The Analysis Of Bug Reports section of the talk…just read the whole thing. I'd be doing it a disservice to summarize, but certainly in light of the well-documented problems porting defect-prediction methods across software projects (a noble endeavor with a 96% failure rate, if you needed a windmill to tilt at this week) it was pretty great that so many of the papers presented here were built on Mozilla's historical data. Go team! (Incidentally, this is the part of the day that "accurate triage is the most important thing" comes from, courtesy of Mani et al.)
There's a lot more to say about this, but shortly after this the content of the talks went a little bit past my pay grade. I spent more than a few of them feeling like that one guy in GoodBurger: "Hmm, yeah… I know some of these words".
What I want to talk about most is building out tools with an eye towards future machine learning and tool-driven analysis. I've been a sysadmin by trade for a long time, and one of the most important things I've learned there is that if you're in a complex environment with a lot of moving parts, you absolutely must have comprehensive, centralized logging. It's at the core of virtually everything you need to accomplish, whether it's today's sev-1 incident response or next year's capacity planning, and without it you're flying deaf and blind. But if you've got it, you've got notifications, advance warnings, statistical analysis, fault prediction—dozens and maybe hundreds of options and opportunities open up on timescales from preemptive to strategic.

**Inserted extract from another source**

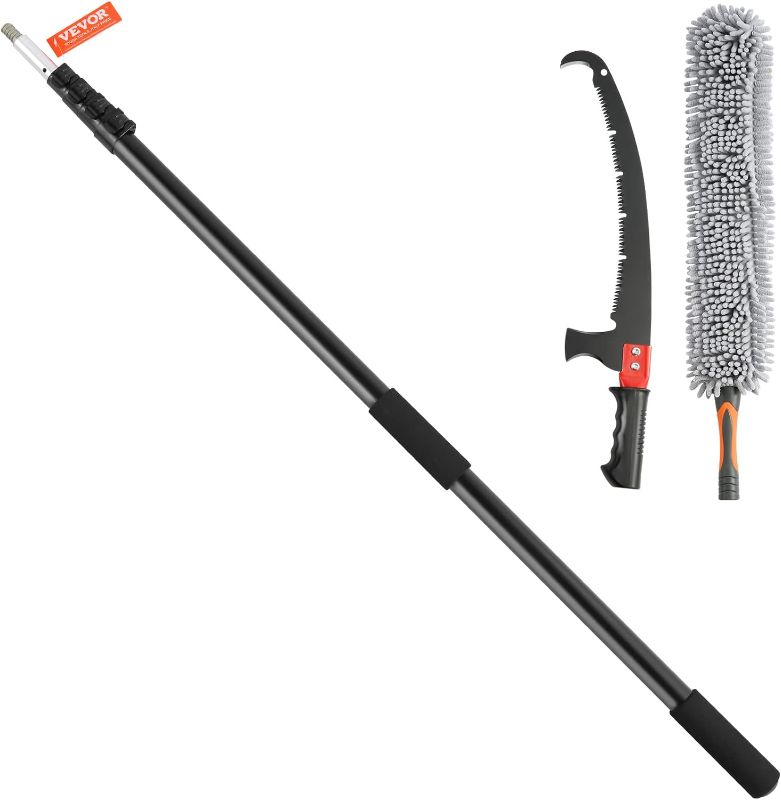 Photo 2 of  Manual Pole Saw, 4.9-20 ft Extendable Tree Pruner, Sharp Steel Blade for High Branches Trimming, with Lightweight Aluminum Alloy Handle and a Chenille Brush, for Pruning Palms and Shrubs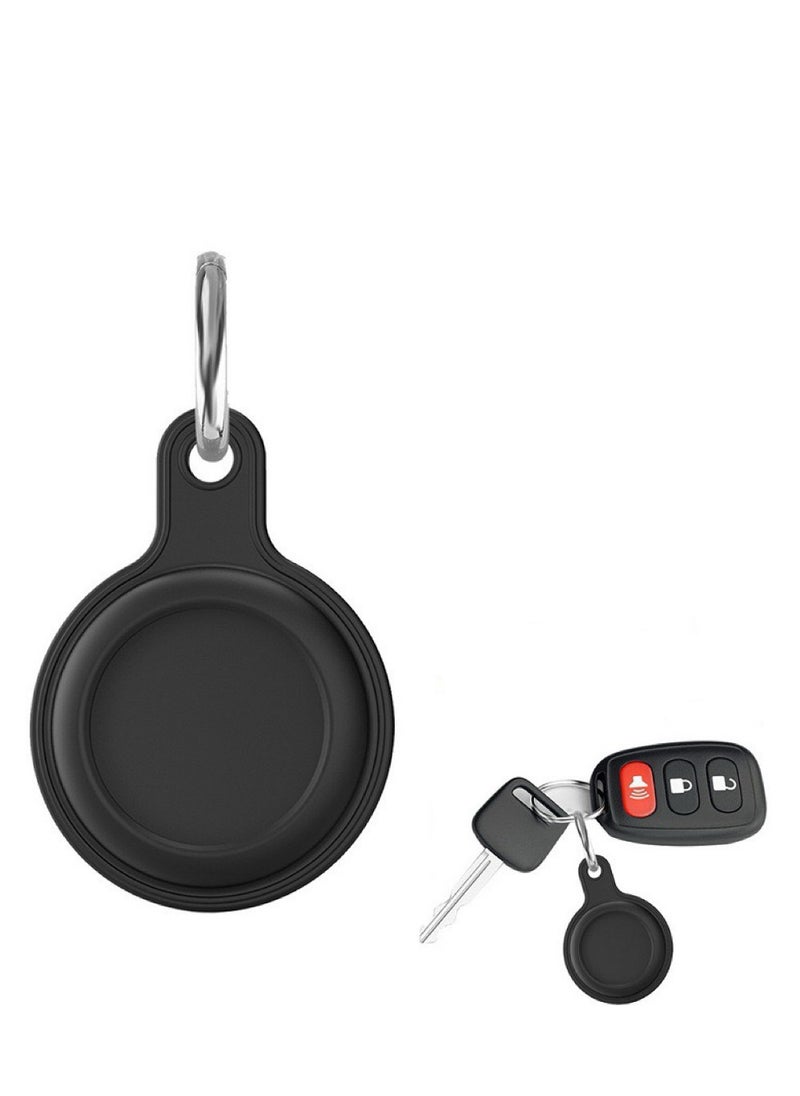 2-Pack AirTag Holder Soft Silicone Case with Keychain Accessories for Easy Attachment to Wallets Keys and Pet Collars Black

I think we should try to apply the same approach to development tools and developer machines. Disk space isn't super-expensive—not free, I know, but I'm talking about text here—so here's my one-point plan: if you're building a tool that reports back to stdout/stderr, whatever it is, build in an option to send that information (or a structured version of it) to syslog at the same time. If you're part of a team using those tools, centralize those logs. It seems like an odd thing to do—certainly I don't know of anyone else doing that—but while I don't know for sure, I'm willing to bet after a while, the information we'll be able to learn from those logs will surprise us. And even if we don't know what to do with it, the people at MSR who are keen to collaborate with us will.